Thank you for sharing your story, the decade of service you offered and the hard choices you had to make following your conscience, and the toll war takes no matter what.
On memorial day, me and my husband were remembering his two grandfathers and keeping their stories alive. The stories have both sweetness and bitterness. He is from the UK and one grandfather was in the Royal Marines (special forces/commandos) during WWII. He was involved with some raids in Norway to prevent the Germans from getting 'heavy water' which could be used to make nuclear weapons.
The second grandfather was a merchant marine officer and ran the gauntlet bringing supplies in convoys from the US and Canada to the UK. His ship was sunk by a Uboat in the mid-Atlantic. My husband says that in convoys when a ship was sunk the other friendly ships couldn't stop to pick up survivors, you had to just keep going to save your own ship. His grandfather, one other officer and three Egyptian crew men made it to a life raft. They floated on the life raft in the middle of the ocean for ten days while the German Uboat followed them.
At the end of the ten days the German captain of the Uboat rescued the two officers on the raft. The Germans didn't take the three Egyptian crewmen off the raft (all the people on his grandfather's ship were civilians, merchant sailors, not soldiers) although they left them water and supplies. According to the grandfather it was rare for a Uboat at that time in the war to pick up survivors. My husband thinks it was very unlikely any other ship would be able to pick up the crew members.

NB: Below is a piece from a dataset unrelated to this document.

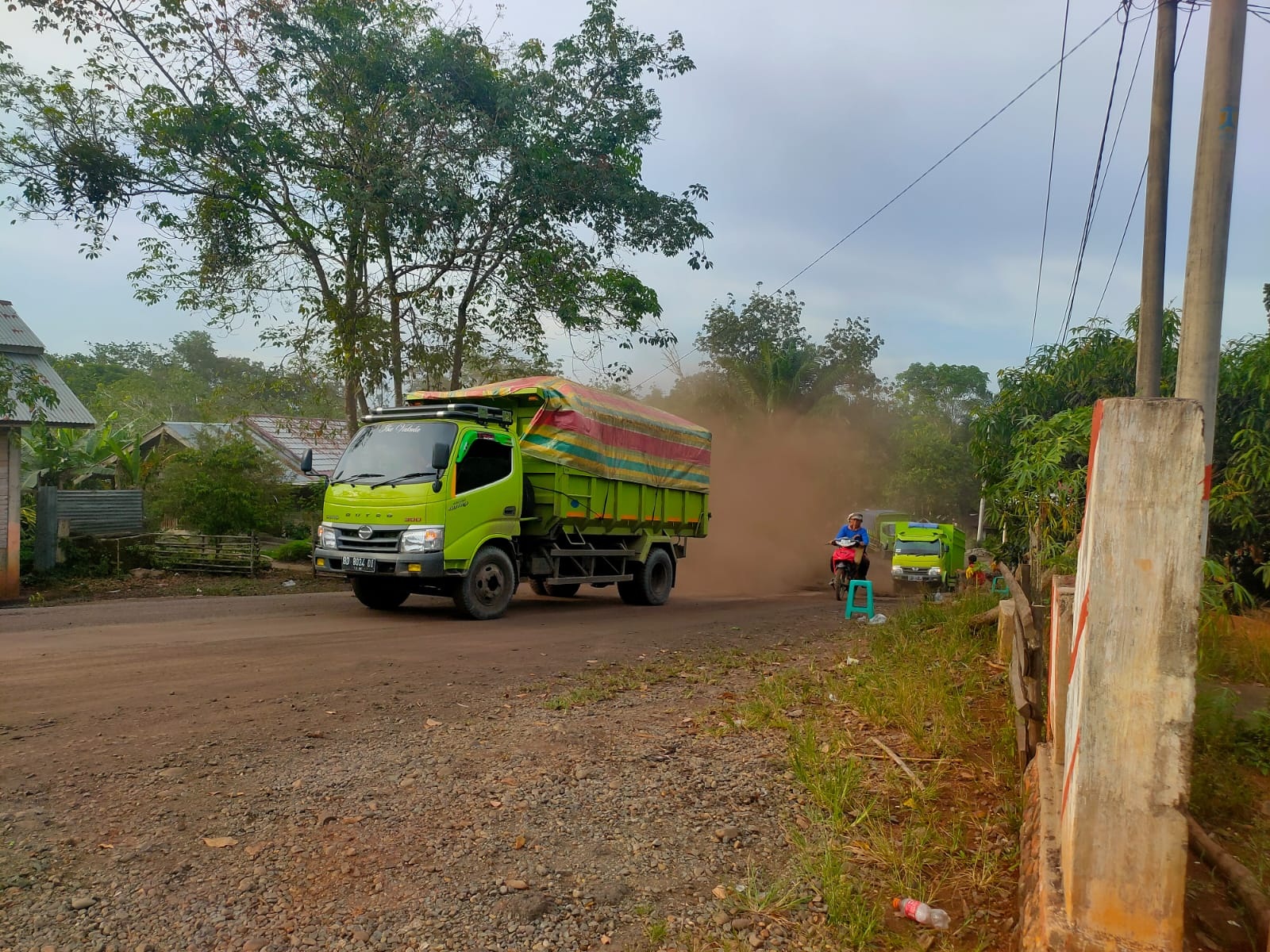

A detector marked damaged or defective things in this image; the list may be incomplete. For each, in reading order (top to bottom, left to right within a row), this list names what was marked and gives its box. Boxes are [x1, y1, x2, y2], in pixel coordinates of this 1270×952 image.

damaged road surface [0, 590, 857, 946]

After the war both men came home and were not able to reintegrate well with their families. They were almost never spoken of by their children in later years as their relationships with their wives and children were very troubled, and there was no understanding of PTSD at the time.
However, the grandfather rescued by the German Uboat captain corresponded with him the rest of his life, they became good friends and visited each other several times. The grandfather owed his life to that captain, and therefore so did my husband's mother and aunt (born after the war), and of course my husband and his brother.